Minggu 05 Januari 2020, 03:00 WIB

Pesona Seorang Ibu

Ono Sarwono, Wartawan Media Indonesia | Weekend
Pesona Seorang Ibu

MI/Seno
Ono Sarwono, Wartawan Media Indonesia

PEPATAH menyebutkan, di balik suami yang sukses terdapat istri yang hebat. Baik-buruknya keluarga juga sangat tergantung kepada ibu rumah tangganya. Jadi, betapa menentukannya posisi istri atau ibu. Dalam bahasa lain, begitu mulianya peran istri sekaligus ibu rumah tangga.

Kiranya, pepatah itu masih dan akan tetap konteks dalam kehidupan masyarakat sampai kapan pun. Pesan pokoknya bahwa sepak terjang istri sangat berpengaruh terhadap karier suami dan biduk rumah tangganya.

Dalam kisah wayang, ada kisah sosok istri yang gemilang mendampingi sang suami meraih kesuksesan serta mampu memayu hayuning (menjaga nama baik dan keharmonisan) keluarga. Dialah Drupadi, perempuan lembut nan ayu berhati kemala.  

Hidup prihatin

Fakta lahiriah, hidup Drupadi selama menjadi istri Puntadewa (sulung Pandawa) tidaklah mulus dan enak. Sejak menikah hingga akhir hayat, Drupadi akrab dirundung penderitaan. Namun, justru di situlah ia menggambarkan pesonanya sebagai perempuan sekaligus istri sejati.

Ketika usianya menginjak dewasa, Drupadi bak kembang indah yang sedang mekar semerbak mewangi.
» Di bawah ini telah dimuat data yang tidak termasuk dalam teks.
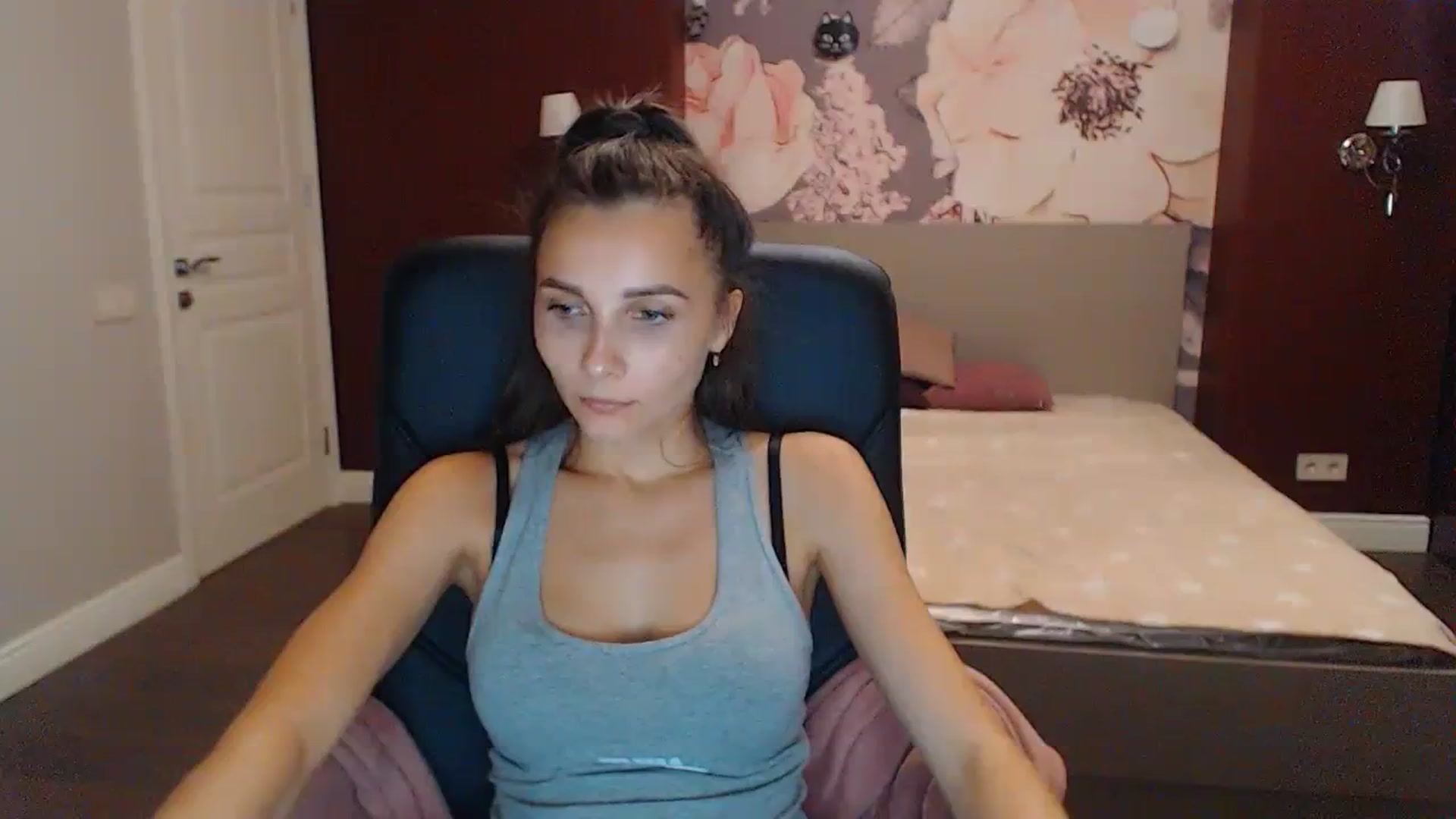 Gallery image thumbnail from Karina_Mils's myfreecams stream on, 09/02/2023, 16:52 image 1 of 20
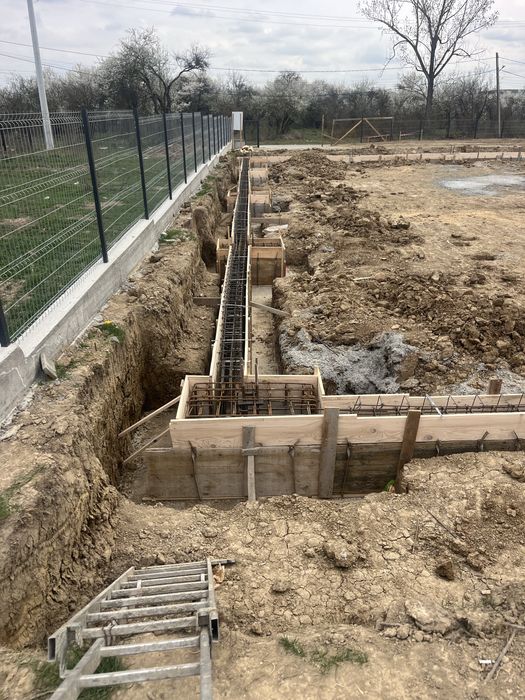Meseriașii constructori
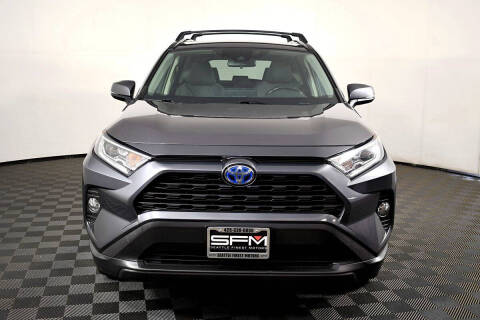2021 Toyota RAV4 Hybrid XLE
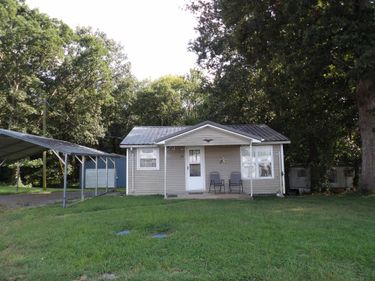 85 Calvert City Circle, Calvert City, KY 42029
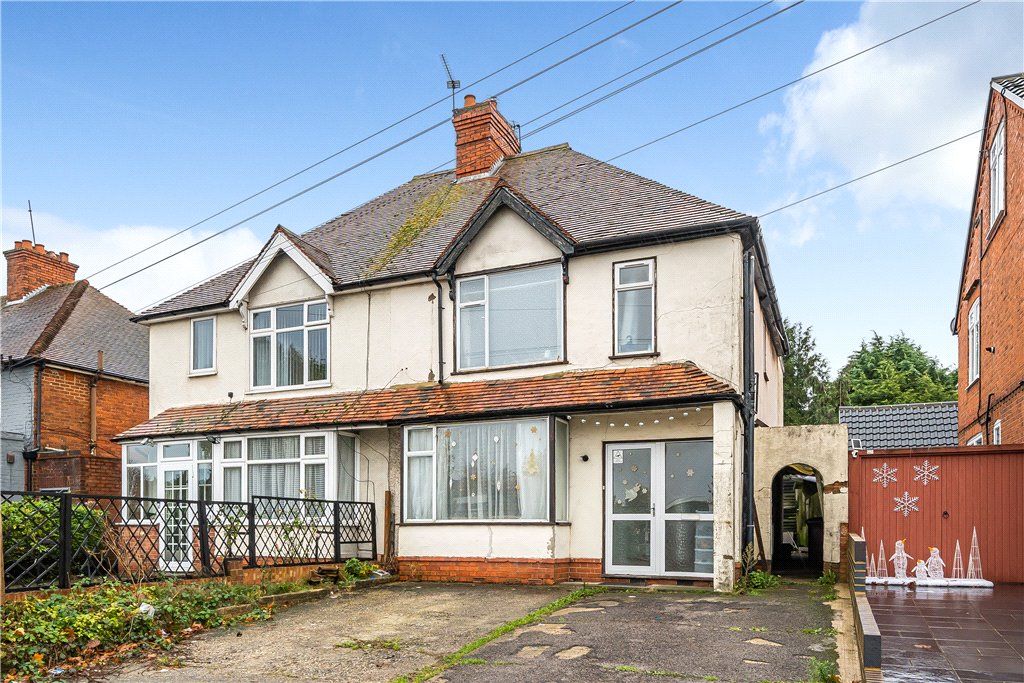 3 bed semidetached house for sale in Basingstoke Road, Reading RG2, £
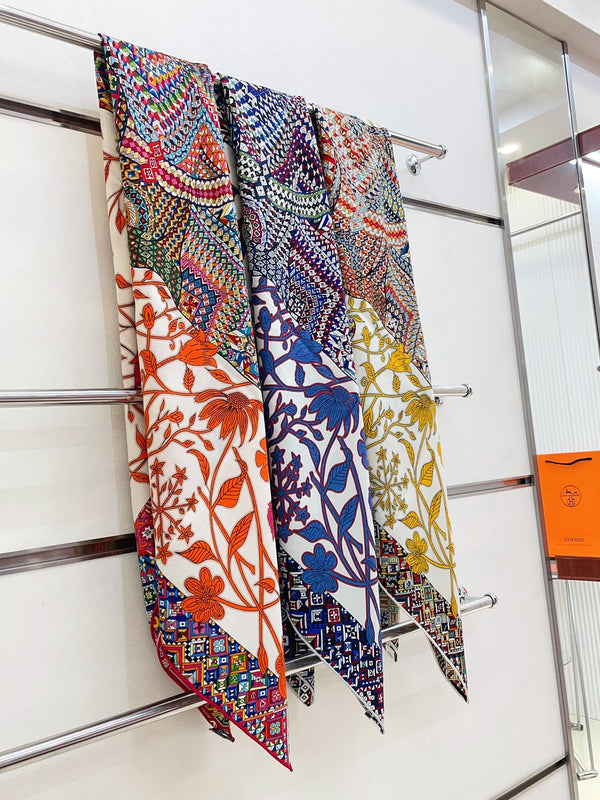 Le Jaguar Et Le Colibri Shawl 135 CM Red Colorful Cashmere And Silk 357904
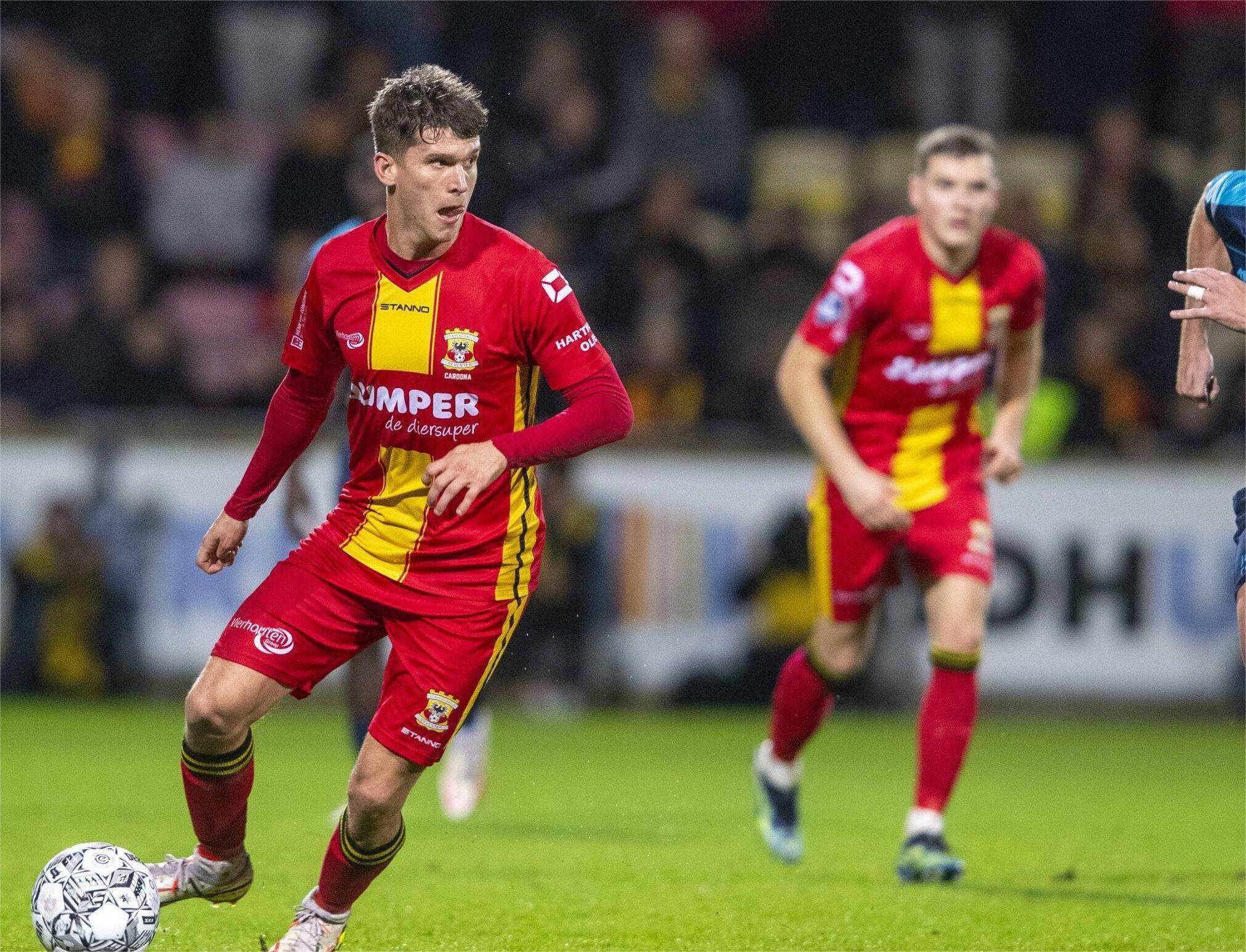 线球员的进 线球员的进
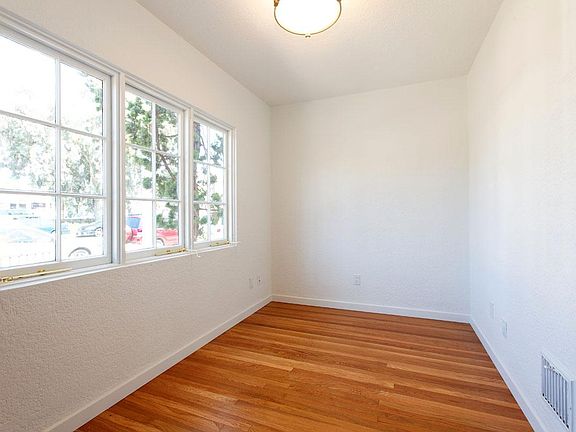 4th image of 3763 7th Ave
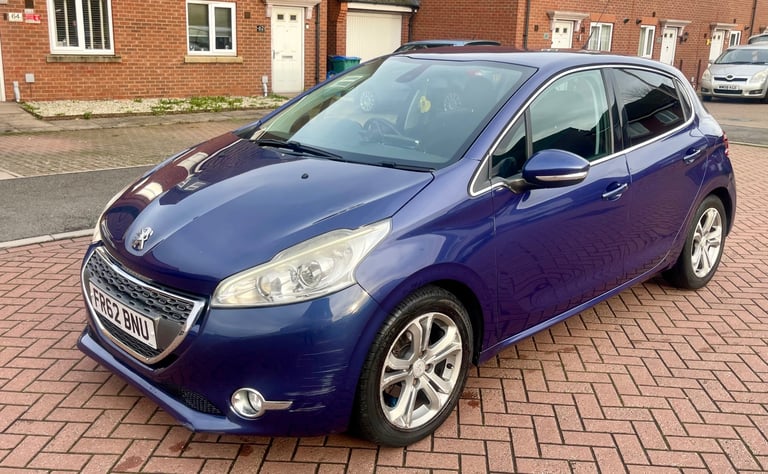 2013 Peugeot 208 1.4 HDI ALLURE SPORT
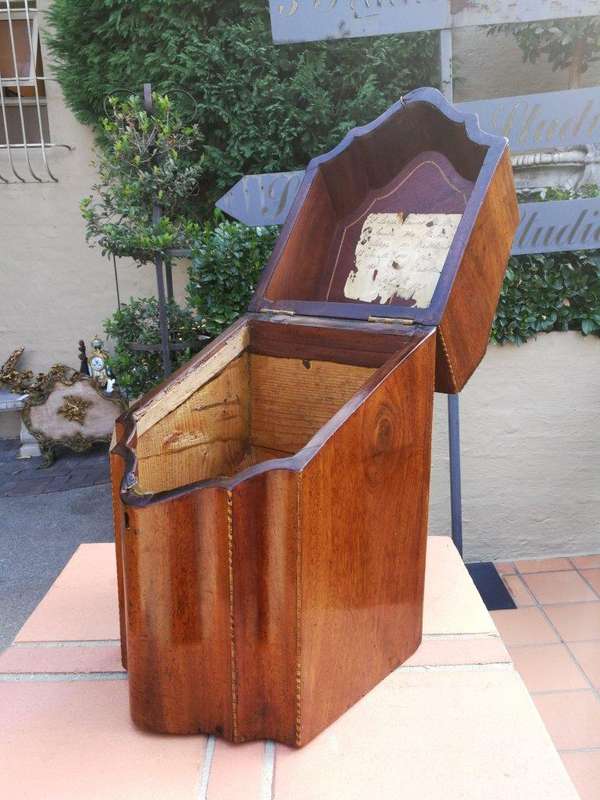 An 18th Century Walnut and Inlaid Knife Box. Interior missing
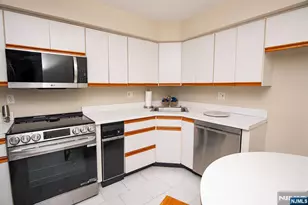 507 Windsor Dr 107, Palisades Park, NJ 07650 - Photo 8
Harumnya menyebar melewati batas negara. Tidak terbilang kesatria negara lain yang kepincut dan ingin meminangnya.

Maka itu, ketika ayahnya, Raja Pancala Prabu Drupada, menggelar sayembara, berjejal yang ikut mempertaruhkan jiwa raga untuk mendapatkannya. Siapa yang menang dalam perlombaan adu memanah serta unggul kesaktian melawan Gandamana, dialah yang berhak memboyong Drupadi.

Drupadi ialah putri sulung pasangan Drupada dengan Dewi Gandawati. Drupadi memiliki dua adik, yakni Srikandi dan Drestadyumna. Sementara itu, Gandamana, yang pernah menjadi Patih Negara Astina pada rezim Prabu Pandudewanata, ialah pamannya dari pihak ibu.

Akibat saking banyaknya peminat, sayembara berlangsung sampai berhari-hari. Di antara lelaki muda yang berebut Drupadi ialah Kurupati (sulung Kurawa) dan adik-adiknya. Namun, pada akhirnya yang menang ialah Pandawa. Singkat cerita, Drupadi menjadi istri Puntadewa.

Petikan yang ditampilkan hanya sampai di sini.